Platform tilt when tiedown tracking on


     The average height of the platform is kept constant using the distomats (laser rangers) and the tiedowns. Every two minutes the distomats remeasure the average height of the platform. The tiedowns will then pull or release evenly on all 3 corners of the platform to keep the height close to optimal. The tiedown motion is a gradual one that takes 45 seconds to accelerate up, coast, and then decelerate. The tiedowns are moving in program track mode using a 24 bit optical encoder that is accurate to fractions of a mil.
    During some of the pointing runs there were source tracks that had jumps and then recoveries  in the pointing errors. One possibility was that the tiedowns could have been tilting the platform as they moved from one position to the next. Maybe the cables were stretching differently. Data was taken on 29jul02 with the azimuth at 242.87 degrees and the dome at 10 degrees za. The tiedowns made two motions of .2 inches and .16 inches while the tilt sensors where running.

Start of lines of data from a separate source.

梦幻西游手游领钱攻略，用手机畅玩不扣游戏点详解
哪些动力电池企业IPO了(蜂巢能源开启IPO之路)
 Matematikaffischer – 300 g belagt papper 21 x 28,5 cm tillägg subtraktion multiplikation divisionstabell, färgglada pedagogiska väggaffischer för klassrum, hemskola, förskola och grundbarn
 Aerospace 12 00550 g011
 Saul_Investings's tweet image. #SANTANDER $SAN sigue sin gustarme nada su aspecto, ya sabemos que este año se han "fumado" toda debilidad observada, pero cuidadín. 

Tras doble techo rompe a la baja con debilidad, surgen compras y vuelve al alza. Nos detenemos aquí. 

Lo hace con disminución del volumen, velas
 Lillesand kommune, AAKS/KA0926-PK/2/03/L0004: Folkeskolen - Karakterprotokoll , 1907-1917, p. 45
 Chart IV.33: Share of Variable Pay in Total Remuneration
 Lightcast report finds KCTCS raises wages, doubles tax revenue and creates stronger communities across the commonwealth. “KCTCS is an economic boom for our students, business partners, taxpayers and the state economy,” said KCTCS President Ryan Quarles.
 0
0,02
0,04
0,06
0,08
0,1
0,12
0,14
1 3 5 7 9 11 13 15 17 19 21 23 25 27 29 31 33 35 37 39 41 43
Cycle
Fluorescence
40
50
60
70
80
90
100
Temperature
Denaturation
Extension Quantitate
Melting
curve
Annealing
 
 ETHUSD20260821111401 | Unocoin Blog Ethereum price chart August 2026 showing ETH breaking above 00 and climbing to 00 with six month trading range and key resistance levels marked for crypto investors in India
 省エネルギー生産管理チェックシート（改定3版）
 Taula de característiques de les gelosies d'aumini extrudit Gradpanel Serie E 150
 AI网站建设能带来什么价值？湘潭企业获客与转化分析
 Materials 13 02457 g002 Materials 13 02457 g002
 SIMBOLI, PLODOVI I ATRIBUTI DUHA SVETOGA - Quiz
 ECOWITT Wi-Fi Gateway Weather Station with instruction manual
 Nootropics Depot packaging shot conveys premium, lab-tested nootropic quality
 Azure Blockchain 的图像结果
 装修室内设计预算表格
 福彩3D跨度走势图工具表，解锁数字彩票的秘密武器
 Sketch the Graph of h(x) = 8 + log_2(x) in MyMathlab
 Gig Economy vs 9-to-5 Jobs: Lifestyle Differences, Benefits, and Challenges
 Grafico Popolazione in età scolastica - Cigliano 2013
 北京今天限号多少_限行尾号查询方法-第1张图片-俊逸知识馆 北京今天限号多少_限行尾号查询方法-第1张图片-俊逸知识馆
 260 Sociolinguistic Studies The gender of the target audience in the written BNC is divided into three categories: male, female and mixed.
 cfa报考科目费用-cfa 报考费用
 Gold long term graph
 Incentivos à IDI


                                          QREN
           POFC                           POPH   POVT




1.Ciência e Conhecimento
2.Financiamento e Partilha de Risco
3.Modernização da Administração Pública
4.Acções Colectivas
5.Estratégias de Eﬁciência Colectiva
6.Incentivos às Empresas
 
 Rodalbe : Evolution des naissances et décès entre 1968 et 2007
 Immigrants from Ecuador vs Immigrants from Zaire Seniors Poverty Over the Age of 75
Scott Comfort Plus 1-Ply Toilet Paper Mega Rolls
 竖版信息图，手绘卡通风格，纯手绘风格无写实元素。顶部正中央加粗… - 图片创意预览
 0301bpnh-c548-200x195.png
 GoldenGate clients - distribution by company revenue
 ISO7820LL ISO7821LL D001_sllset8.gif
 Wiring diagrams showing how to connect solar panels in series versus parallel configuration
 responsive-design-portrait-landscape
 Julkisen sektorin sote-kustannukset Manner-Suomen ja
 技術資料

The plot shows the pitch and roll of the tilt sensors during the tiedown motion (.ps) (.pdf).
  •     The top figure is the relative pitch of the dome (i did not put it on the absolute scale determined by the theodolite).
  •     The bottom figure is the relative roll of the dome. Positive roll is clockwise looking uphill.

  • The red line is the motion of the tiedowns during this period. The tilt is not affected by the tiedown motion so they must be moving at the same rate. There is a small downward drift in the roll over the entire period of time. The oscillations at the end of the measurement is me walking onto the turret floor to disable the tilt sensors (maybe i need to go on a diet!).
    From previous computations, a pitch error of .01 degrees at za=10 is a pointing error of 4.3 arc seconds (assuming you have pulled the telescope back down into focus).  The motions we see in the tilt sensors would map into small pointing errors.
        The jumps that were seen in the source tracks were probably caused by the gregorian wheels sliding across the rolling surface (since the side rollers are not tight).